§ **RECORDS FOR THIS TASK**:
○ ○ ○ ○

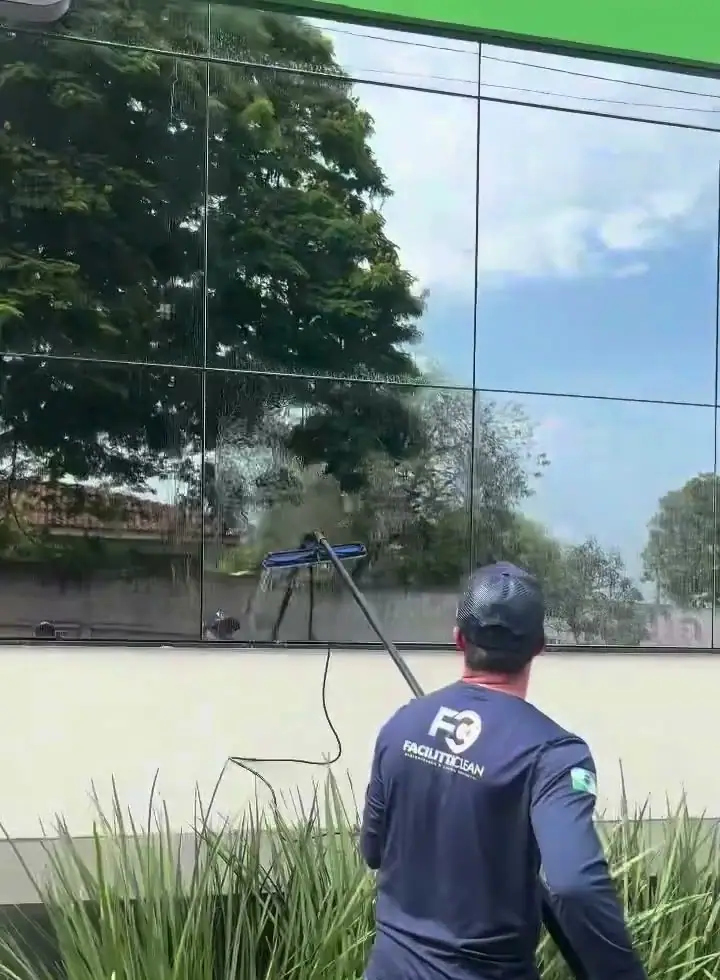 Profissional limpando vidro alto de agência com haste telescópica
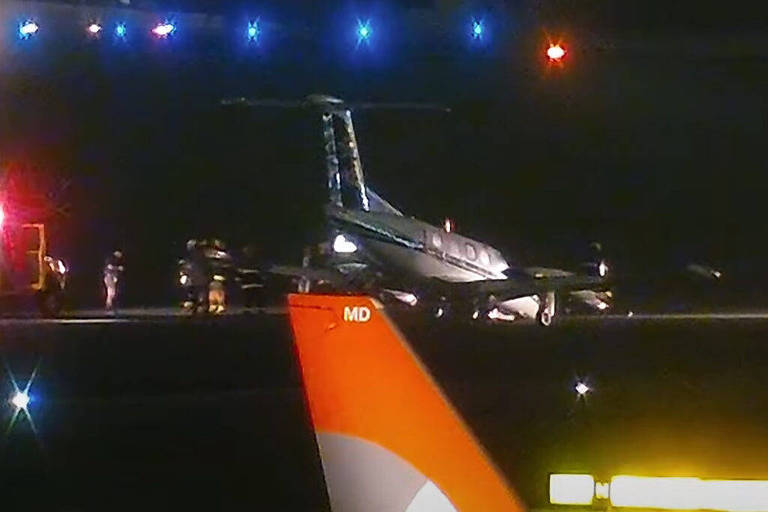 Imagem do avião de costas com o bico para baixo, à noite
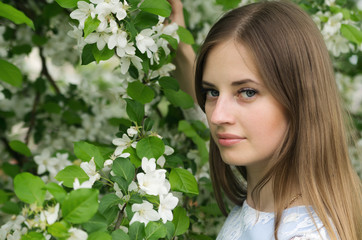Naklejka premium Girl posing against a background of flowering trees / Photographed in Russia, in the city of Orenburg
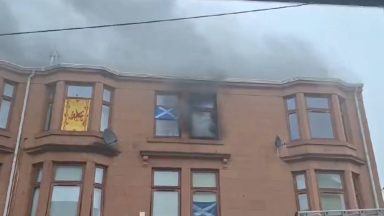 Four in hospital and 22 forced to flee homes amid tenement blaze in Uddingston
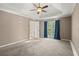 Another view of the main bedroom, with tray ceiling, ceiling fan, and entrance to another room at 4635 Rutledge Dr, Snellville, GA 30039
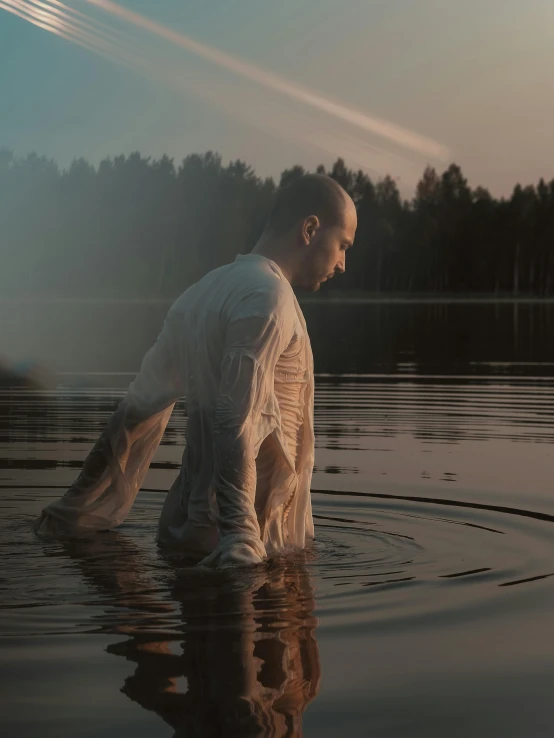 a man in white shirt sitting on the edge of a river in water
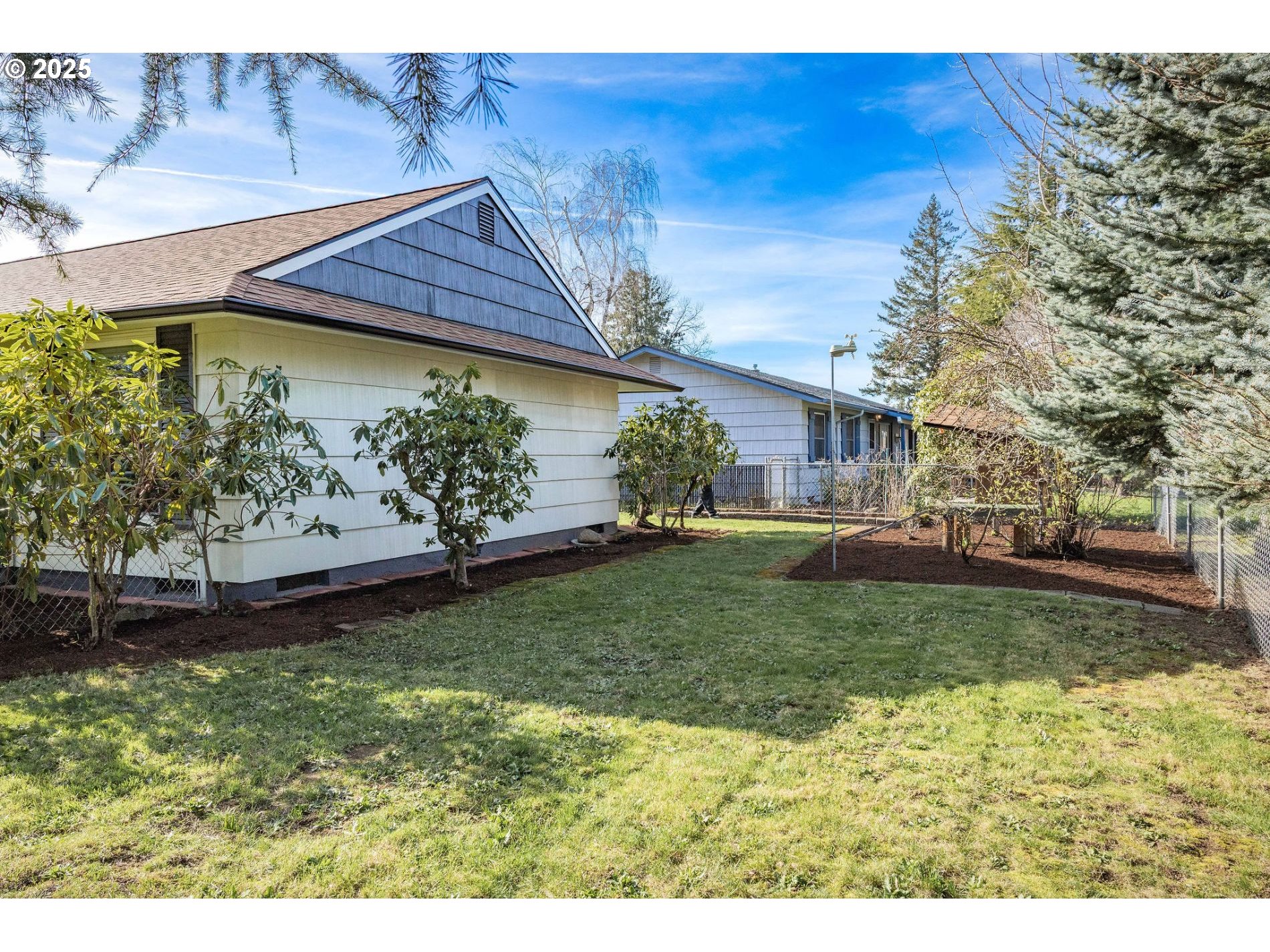 75 Northwest 22nd Street Gresham, OR 97030 - Photo 28 of 32 a backyard of a house with lots of green space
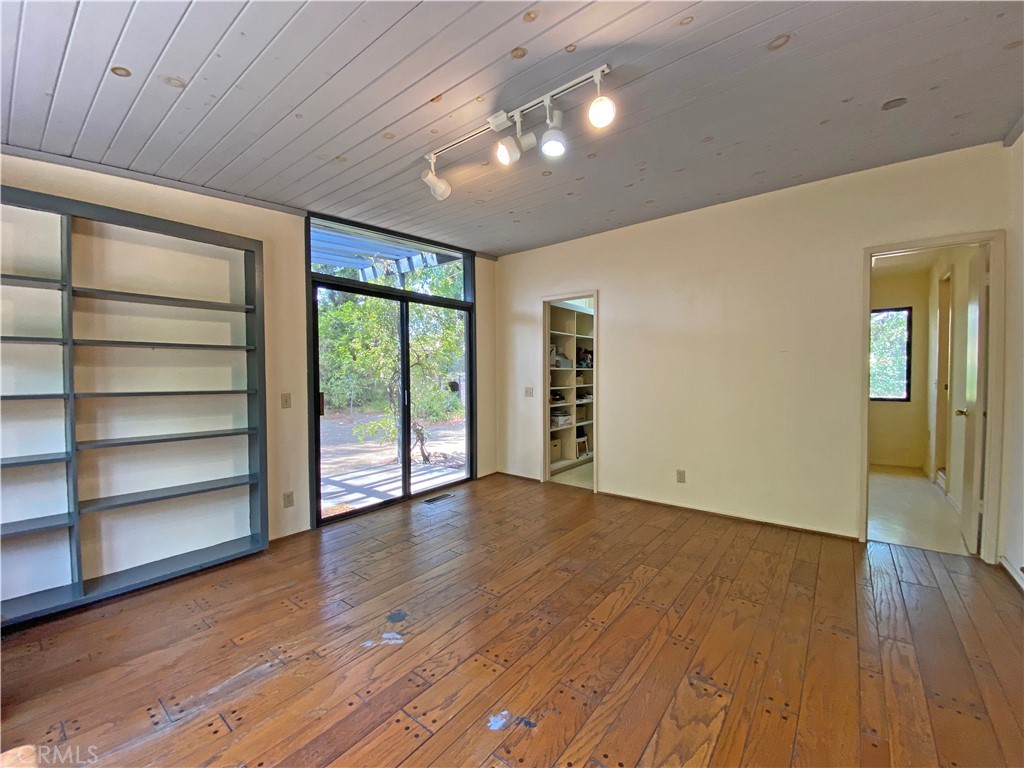 1543 Bates Place Claremont, CA 91711 - Photo 24 of 46 a view of an empty room with a window and wooden floor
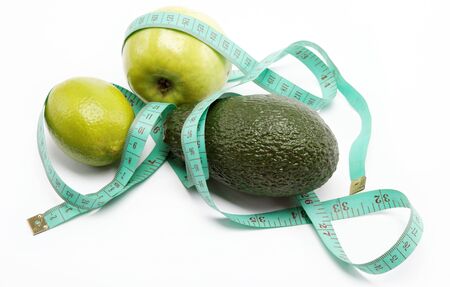 Natural products. Diet. Fresh fruit on a white background.の写真素材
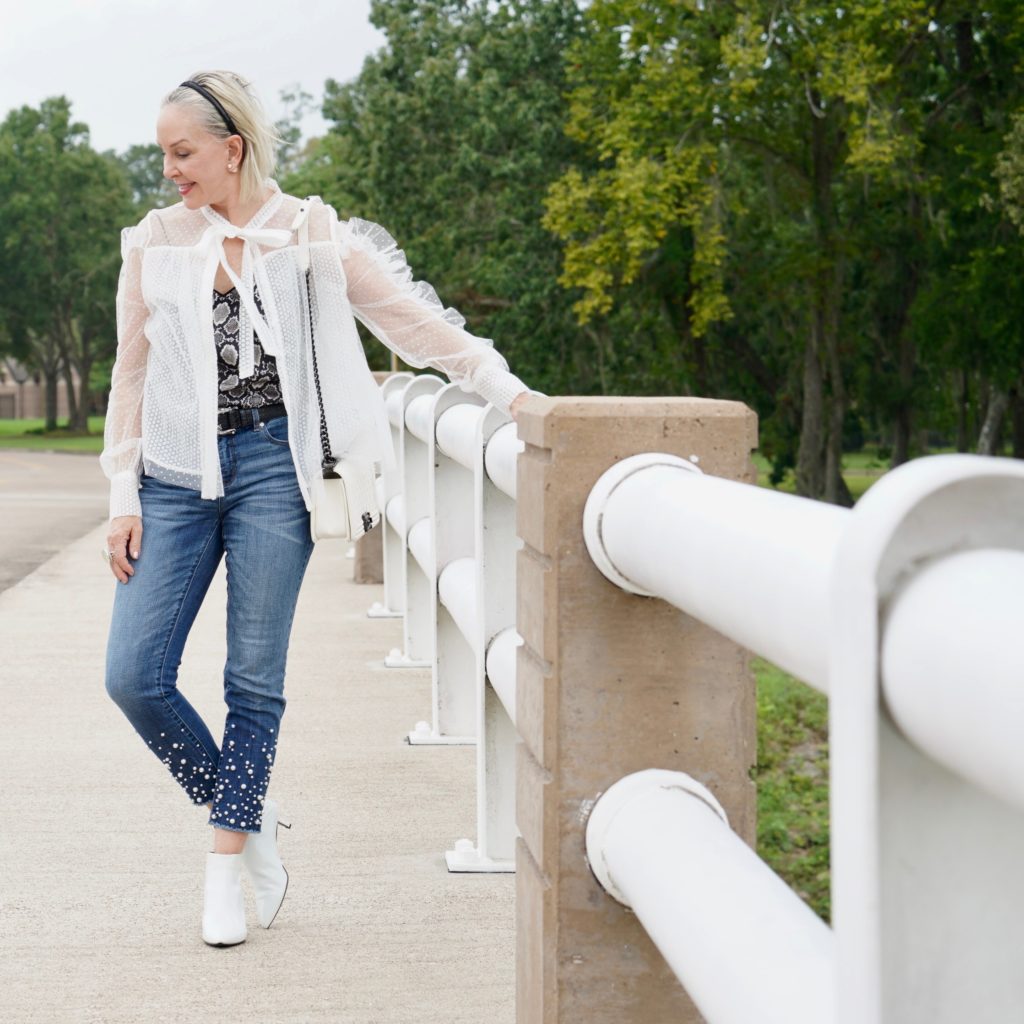 sheshe of the SheShe Show wearing white mesh and ruffle top over skinny crop jeans with pealrs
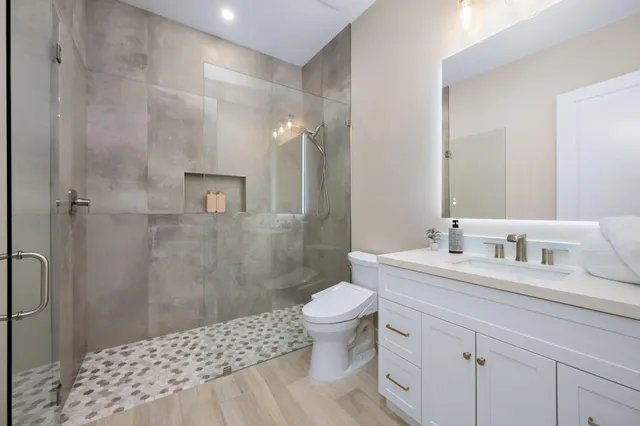 a bathroom with a sink a toilet and shower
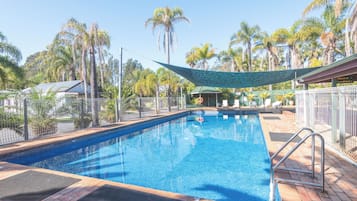 A swimming pool with a shaded area, surrounded by palm trees and a fenced deck.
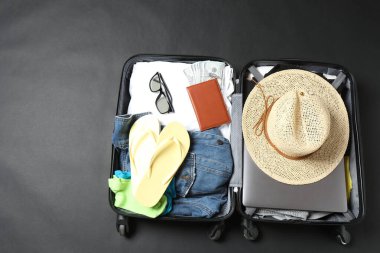 Aksesuarlı bavul, gri arka planda şapka. Düz yat. seyahat kavramı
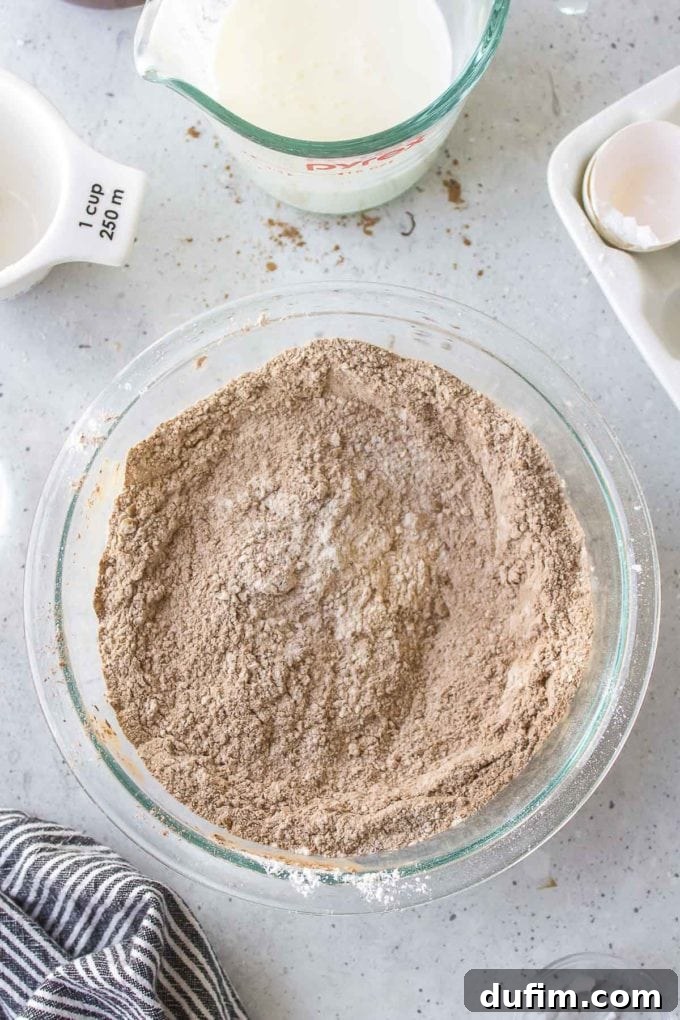 Ingredients for German chocolate cake in a glass bowl, next to a black and white striped towel, a white measuring cup, a glass measuring cup filled with buttermilk, and an empty eggshell in a white carton, showing the buttermilk ready to be added.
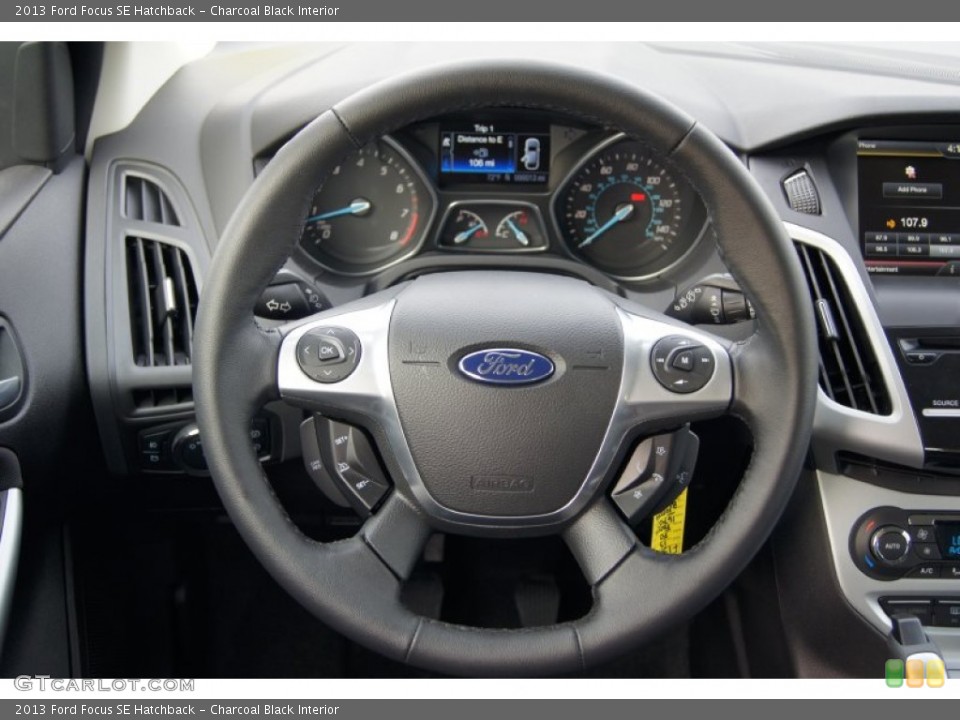 Charcoal Black Interior Steering Wheel for the 2013 Ford Focus SE Hatchback #72821419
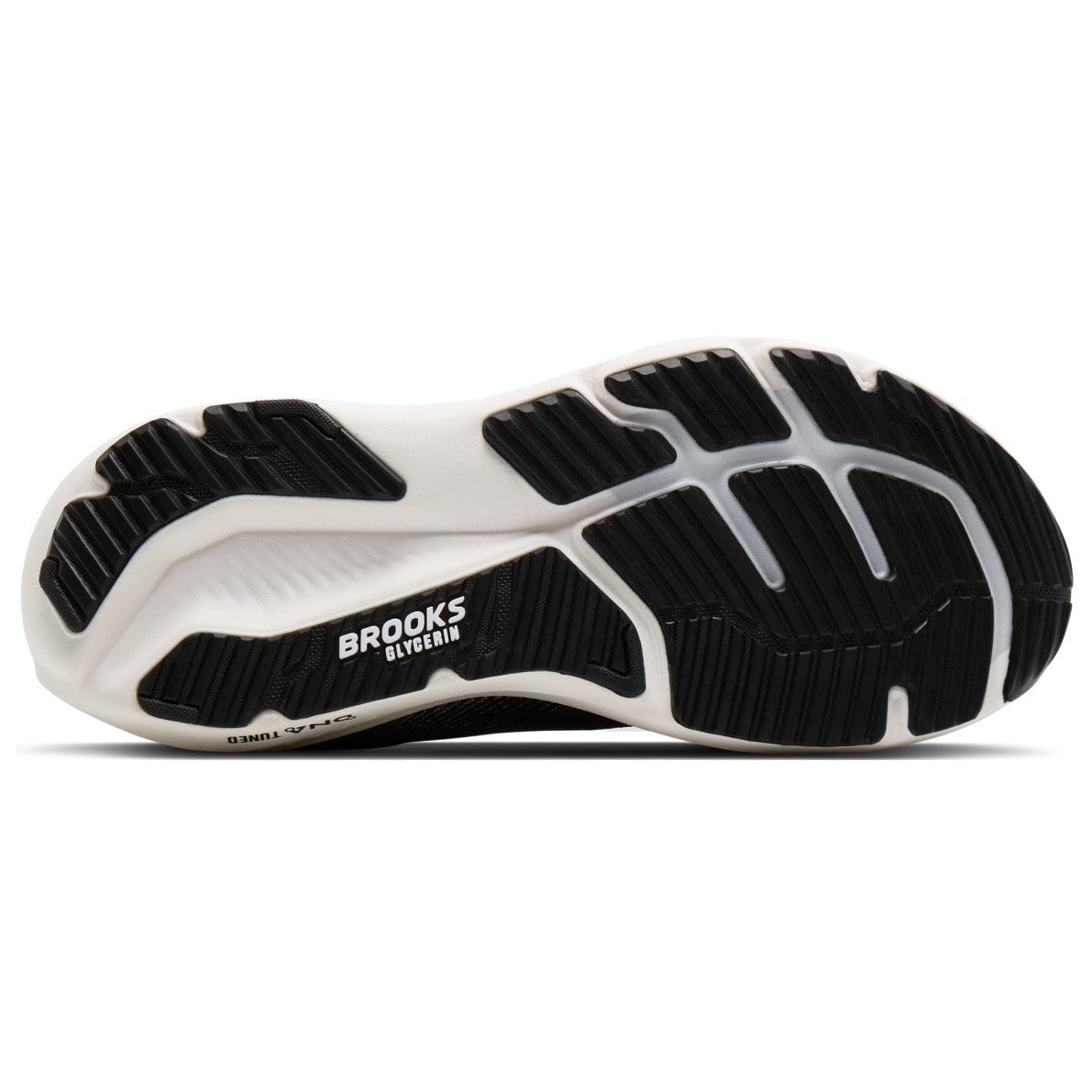 A close-up of a Brooks Running shoe sole, showing the black and white tread pattern and the 'BROOKS RUNNING' logo printed on the white midsole.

○ ○ ○ ○

§ **WHAT YOU WILL DO**: Only one thing is required: an exact printout of the lines from the line containing "Natural products. Diet." through the last line of the records, pictures excluded.

§ **WRITTEN SOLUTION**:
 Natural products. Diet. Fresh fruit on a white background.の写真素材
 sheshe of the SheShe Show wearing white mesh and ruffle top over skinny crop jeans with pealrs
 a bathroom with a sink a toilet and shower
 A swimming pool with a shaded area, surrounded by palm trees and a fenced deck.
 Aksesuarlı bavul, gri arka planda şapka. Düz yat. seyahat kavramı
 Ingredients for German chocolate cake in a glass bowl, next to a black and white striped towel, a white measuring cup, a glass measuring cup filled with buttermilk, and an empty eggshell in a white carton, showing the buttermilk ready to be added.
 Charcoal Black Interior Steering Wheel for the 2013 Ford Focus SE Hatchback #72821419
 A close-up of a Brooks Running shoe sole, showing the black and white tread pattern and the 'BROOKS RUNNING' logo printed on the white midsole.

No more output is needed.